We investigated mutations in related genes in different LRHG groups to further understand the immunological properties of the LRHG group. We are also exploring LRHG features related to the immune microenvironment in our research. Tumor Mutation Burden (TMB) is a potential predictive indicator for cancer immunotherapy, and research has also identified limitations that hinder TMB in clinical practice43,44.The proportion of LRHG low group in TMB is higher than that of LRHG high group, indicating a higher correlation between LRHG low group and higher reactivity of immune checkpoint inhibitors. In addition, microsatellite instability (MSI) is the first approved pan cancer biomarker that can be used to guide the treatment of immune checkpoint inhibitors45. We also explored MSI and LRHG signatures during the research process. The common mutation in GC is KRAS, which plays an important role in immunotherapy for solid tumors and colorectal cancer46,47. Whether there is a relationship between KRAS mutations and immunotherapy in GC patients remains unproven. In our study, the tidal fraction is used to predict the probability of LRHG signature model. The analysis methods used in this process are TMB and MSI analysis. TIDE score is a newly developed prediction method to predict the response of immunotherapy. TIDE score can be more accurate than TMB or PD-L1 expression and can be used to predict the clinical effectiveness of anti-pd1 and anti-CTLA4 treatment48. The high tide score in the LRHG high group suggested greater immune escape and poor outcome of high LRHG score, which may be closely related to TMB, MSI and KRAS mutations.

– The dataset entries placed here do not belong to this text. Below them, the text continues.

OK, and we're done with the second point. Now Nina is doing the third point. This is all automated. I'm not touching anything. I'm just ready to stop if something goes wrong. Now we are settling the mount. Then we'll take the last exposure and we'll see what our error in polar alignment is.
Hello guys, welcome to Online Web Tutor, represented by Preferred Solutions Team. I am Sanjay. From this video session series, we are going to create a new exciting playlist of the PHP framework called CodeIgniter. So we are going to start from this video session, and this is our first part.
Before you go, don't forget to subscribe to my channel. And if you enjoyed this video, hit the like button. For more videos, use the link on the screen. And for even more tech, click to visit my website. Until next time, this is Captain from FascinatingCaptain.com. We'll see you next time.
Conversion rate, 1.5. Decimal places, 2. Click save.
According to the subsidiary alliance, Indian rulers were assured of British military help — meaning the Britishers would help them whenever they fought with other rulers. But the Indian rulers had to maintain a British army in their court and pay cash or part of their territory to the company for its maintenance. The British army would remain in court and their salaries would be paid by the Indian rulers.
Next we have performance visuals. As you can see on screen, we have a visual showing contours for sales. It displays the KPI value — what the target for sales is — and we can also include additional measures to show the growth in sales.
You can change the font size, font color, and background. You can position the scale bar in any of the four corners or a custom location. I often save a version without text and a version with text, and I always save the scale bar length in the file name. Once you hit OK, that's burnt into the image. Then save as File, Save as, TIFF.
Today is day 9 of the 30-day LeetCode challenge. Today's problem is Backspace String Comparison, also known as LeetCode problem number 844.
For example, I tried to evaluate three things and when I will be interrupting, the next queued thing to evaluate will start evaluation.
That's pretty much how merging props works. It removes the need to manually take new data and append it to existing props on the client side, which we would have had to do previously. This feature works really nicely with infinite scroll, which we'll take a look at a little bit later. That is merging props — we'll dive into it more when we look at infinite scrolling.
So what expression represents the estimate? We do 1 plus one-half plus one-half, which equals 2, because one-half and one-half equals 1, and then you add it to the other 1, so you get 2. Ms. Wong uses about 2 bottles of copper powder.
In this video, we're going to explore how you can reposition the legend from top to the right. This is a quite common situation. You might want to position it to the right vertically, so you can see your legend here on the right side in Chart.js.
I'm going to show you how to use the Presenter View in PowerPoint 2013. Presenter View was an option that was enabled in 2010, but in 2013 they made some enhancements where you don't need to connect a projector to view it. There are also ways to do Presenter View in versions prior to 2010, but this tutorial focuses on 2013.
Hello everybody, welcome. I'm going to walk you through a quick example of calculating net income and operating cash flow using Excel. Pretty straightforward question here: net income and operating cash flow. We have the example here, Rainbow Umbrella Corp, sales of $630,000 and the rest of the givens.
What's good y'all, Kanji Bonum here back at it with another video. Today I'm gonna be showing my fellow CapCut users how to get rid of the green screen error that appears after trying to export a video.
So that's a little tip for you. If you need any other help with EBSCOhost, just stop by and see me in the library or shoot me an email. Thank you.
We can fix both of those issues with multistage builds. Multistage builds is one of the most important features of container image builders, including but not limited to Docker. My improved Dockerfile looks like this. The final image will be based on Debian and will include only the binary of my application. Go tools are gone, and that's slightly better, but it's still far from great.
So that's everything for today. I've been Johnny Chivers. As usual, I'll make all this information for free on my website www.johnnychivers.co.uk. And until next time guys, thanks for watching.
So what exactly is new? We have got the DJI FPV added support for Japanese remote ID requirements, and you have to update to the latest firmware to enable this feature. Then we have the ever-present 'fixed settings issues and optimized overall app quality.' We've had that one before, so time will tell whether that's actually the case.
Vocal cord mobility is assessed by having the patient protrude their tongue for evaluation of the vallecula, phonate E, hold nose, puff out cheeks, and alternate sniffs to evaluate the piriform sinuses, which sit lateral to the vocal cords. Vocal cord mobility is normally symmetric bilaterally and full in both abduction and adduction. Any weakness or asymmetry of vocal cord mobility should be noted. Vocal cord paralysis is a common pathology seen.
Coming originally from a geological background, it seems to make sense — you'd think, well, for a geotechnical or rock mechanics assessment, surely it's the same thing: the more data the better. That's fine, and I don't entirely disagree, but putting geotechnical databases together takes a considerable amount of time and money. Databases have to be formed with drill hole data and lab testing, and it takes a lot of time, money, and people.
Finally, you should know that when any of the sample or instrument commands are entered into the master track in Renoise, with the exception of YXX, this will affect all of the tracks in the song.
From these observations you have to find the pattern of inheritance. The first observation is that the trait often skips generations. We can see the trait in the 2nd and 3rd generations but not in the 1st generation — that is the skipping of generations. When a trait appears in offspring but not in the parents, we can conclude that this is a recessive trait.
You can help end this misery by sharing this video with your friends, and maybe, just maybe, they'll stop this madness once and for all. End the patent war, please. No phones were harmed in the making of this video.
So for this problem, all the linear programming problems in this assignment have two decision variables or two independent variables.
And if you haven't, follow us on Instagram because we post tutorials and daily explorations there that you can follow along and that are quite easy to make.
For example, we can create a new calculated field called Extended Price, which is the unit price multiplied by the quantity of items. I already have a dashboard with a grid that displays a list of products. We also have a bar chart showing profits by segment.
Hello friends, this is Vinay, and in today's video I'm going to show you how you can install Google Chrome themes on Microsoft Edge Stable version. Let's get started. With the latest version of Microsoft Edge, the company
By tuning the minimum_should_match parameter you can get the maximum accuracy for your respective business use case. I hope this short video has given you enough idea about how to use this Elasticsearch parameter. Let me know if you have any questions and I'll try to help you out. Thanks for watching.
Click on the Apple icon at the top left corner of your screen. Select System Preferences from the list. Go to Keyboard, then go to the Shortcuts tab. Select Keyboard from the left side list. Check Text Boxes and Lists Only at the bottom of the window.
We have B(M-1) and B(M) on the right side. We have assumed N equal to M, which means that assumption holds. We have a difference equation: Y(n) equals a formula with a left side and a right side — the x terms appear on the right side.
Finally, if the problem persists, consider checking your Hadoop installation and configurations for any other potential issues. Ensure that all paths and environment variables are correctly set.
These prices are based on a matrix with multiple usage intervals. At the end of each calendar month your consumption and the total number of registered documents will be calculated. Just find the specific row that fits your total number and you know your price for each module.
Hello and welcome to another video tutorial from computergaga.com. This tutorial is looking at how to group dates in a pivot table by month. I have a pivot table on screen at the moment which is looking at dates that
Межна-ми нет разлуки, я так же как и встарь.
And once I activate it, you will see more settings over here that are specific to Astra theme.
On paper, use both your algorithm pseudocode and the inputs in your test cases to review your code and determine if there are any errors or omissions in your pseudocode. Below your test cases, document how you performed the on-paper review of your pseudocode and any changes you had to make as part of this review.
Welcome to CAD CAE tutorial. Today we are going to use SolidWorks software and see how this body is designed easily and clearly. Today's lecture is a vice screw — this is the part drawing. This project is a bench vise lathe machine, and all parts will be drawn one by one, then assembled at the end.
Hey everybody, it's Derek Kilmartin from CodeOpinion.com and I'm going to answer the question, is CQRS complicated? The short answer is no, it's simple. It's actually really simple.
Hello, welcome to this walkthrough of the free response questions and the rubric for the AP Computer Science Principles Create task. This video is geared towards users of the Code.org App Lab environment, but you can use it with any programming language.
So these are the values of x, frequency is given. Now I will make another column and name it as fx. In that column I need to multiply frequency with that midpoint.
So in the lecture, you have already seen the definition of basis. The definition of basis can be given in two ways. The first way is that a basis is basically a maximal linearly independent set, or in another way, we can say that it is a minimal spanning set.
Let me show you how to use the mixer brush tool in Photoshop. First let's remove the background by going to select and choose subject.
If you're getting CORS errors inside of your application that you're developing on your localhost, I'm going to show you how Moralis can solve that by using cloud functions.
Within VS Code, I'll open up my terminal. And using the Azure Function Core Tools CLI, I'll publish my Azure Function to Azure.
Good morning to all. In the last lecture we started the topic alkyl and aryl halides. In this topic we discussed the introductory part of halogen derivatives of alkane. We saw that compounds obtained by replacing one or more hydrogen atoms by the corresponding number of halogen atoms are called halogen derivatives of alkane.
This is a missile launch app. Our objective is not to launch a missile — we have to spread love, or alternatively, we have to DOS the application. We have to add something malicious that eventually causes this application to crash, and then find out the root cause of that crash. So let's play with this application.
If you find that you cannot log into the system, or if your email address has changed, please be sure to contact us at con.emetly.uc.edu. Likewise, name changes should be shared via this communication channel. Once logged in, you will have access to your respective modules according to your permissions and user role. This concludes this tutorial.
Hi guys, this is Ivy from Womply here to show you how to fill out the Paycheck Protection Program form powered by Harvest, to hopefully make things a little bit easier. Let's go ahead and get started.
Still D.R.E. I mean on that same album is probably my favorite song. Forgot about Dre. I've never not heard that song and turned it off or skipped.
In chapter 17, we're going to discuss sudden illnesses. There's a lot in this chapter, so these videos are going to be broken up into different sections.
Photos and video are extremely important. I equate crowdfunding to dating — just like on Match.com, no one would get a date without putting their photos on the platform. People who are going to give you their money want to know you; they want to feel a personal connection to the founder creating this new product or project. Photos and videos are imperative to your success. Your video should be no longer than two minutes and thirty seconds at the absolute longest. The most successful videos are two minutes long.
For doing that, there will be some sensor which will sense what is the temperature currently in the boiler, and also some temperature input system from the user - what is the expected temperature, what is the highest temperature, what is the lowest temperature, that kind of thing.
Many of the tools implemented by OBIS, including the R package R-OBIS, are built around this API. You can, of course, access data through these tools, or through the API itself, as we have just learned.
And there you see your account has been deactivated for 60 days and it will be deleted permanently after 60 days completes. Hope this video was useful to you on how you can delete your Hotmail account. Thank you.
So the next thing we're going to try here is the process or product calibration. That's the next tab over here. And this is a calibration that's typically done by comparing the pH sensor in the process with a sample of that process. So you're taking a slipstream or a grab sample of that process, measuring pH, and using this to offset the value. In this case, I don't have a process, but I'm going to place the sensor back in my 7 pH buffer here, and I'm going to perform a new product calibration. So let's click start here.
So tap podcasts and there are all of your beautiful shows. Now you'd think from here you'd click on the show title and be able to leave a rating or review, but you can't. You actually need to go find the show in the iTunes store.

The limitations of this study must be acknowledged, although the findings of this study provide new innovations for elucidating the molecular mechanism of GC. First, due to technical limitations, the current animal and cell experiments have no ability to comprehensively detect the composition and structural characteristics of GC microorganisms. Second, on the basis of reviewing the expression data from public databases, we identified only genes associated with LPS from CTD. Last but not least, these LRHG can indeed control GC, but the basic mechanism of their control is still not clarified, such as upstream long non-coding RNA and microRNA49 of these LRHG deserve to be studied. In the future, several advanced models such as integrating mathematical modeling50, SWATH-MS-based network modeling51, with experimental analysis as well as phase separation technique52 could be applied to explore the mechanism of our screened 9 LRHGs. What’s more, a new learning algorithm, graph convolutional network with graph attention network53 will also be carried out to validate our finding. In short, we need conduct comprehensive research on their biological functions through more and more rigorous techniques, algorithm and experiments. More research in the future will enable the microbiome in GC to provide diagnostic tools for GC, microbiome based prevention and immunotherapy.